**What is required**
An exact reprint of the listing is required, with no pictures included.
Collected data below:
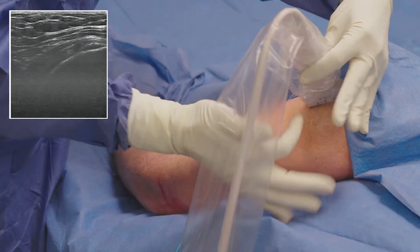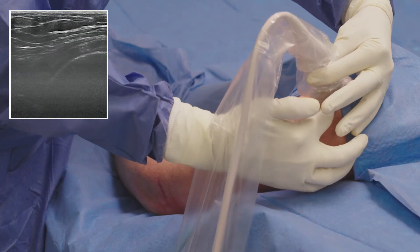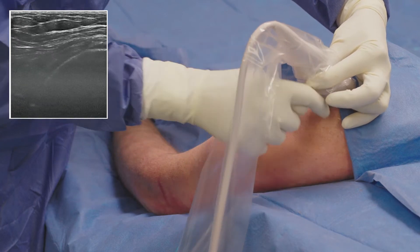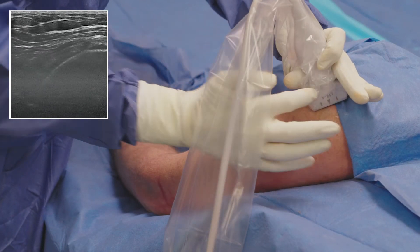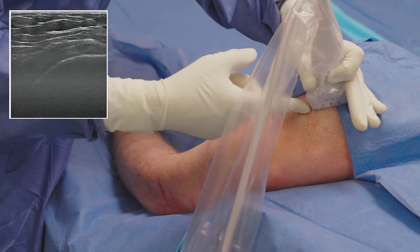With ultrasound, I scan the tendon in an axial and longitudinal view to identify and confirm the location of the pathology. On ultrasound, we can see the supraspinatus where there is some hypoechoic tissue that we will target with TenJet.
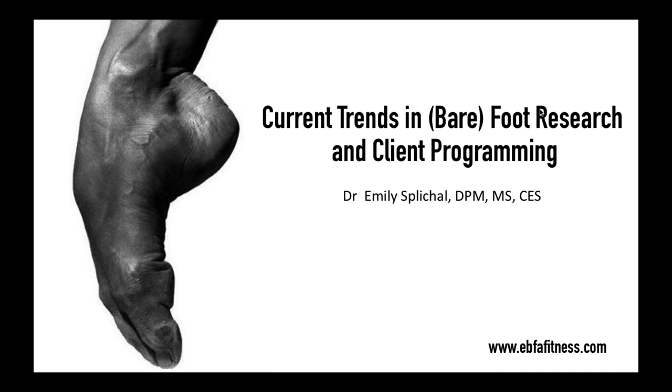Before we get started, if you are not familiar with who I am, my name is Dr. Emily Splickle. I am a podiatrist in New York City, a human movement specialist, and the founder of the Evidence-Based Fitness Academy. Our website is on the bottom of this first page, so please do check us out online. We are on all of the different social media channels and we offer both live workshops as well as home study workshops built around barefoot science, from the ground up, foot typing, and gait assessment.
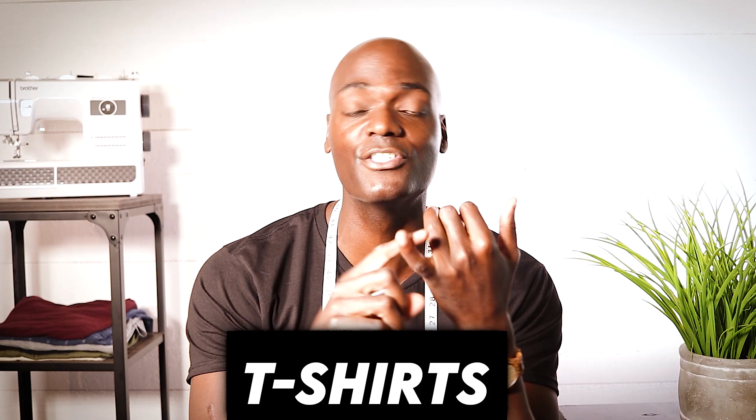Let's start with a universal needle. That machine you have at home right now probably came with a sewing machine needle in it already, and it's most likely a universal needle. A universal needle is just that — it's universal. You can use it for t-shirts, dress pants, jeans, chinos, everything — even sweaters too, which we'll get to in a second.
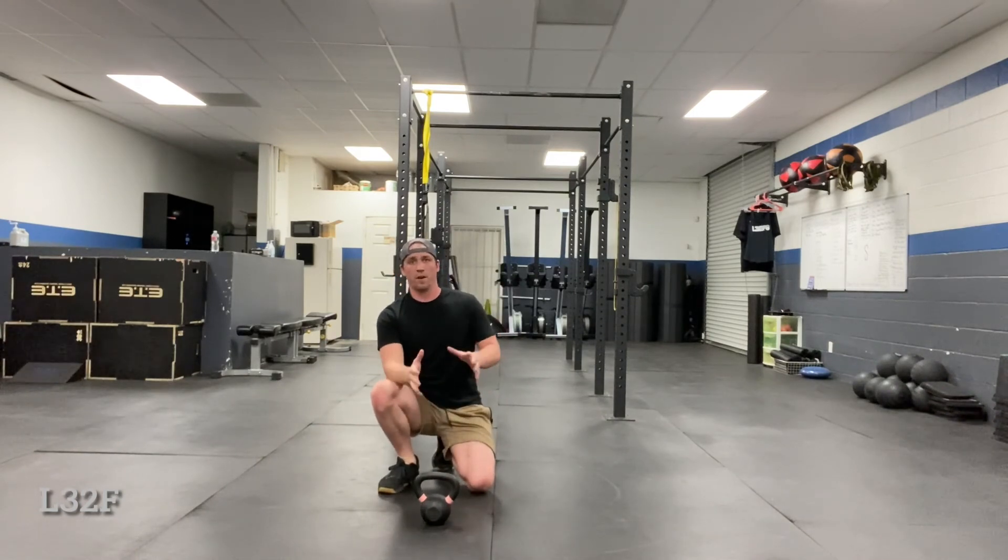It can be loaded heavy or light, whatever the function is — whether we're going for strength that day or mobility. The main thing is that the mechanics have to be sound and they have to have a good understanding of it before we jump them into anything.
End of Collected data.
**Task output**
With ultrasound, I scan the tendon in an axial and longitudinal view to identify and confirm the location of the pathology. On ultrasound, we can see the supraspinatus where there is some hypoechoic tissue that we will target with TenJet.
Before we get started, if you are not familiar with who I am, my name is Dr. Emily Splickle. I am a podiatrist in New York City, a human movement specialist, and the founder of the Evidence-Based Fitness Academy. Our website is on the bottom of this first page, so please do check us out online. We are on all of the different social media channels and we offer both live workshops as well as home study workshops built around barefoot science, from the ground up, foot typing, and gait assessment.
Let's start with a universal needle. That machine you have at home right now probably came with a sewing machine needle in it already, and it's most likely a universal needle. A universal needle is just that — it's universal. You can use it for t-shirts, dress pants, jeans, chinos, everything — even sweaters too, which we'll get to in a second.
It can be loaded heavy or light, whatever the function is — whether we're going for strength that day or mobility. The main thing is that the mechanics have to be sound and they have to have a good understanding of it before we jump them into anything.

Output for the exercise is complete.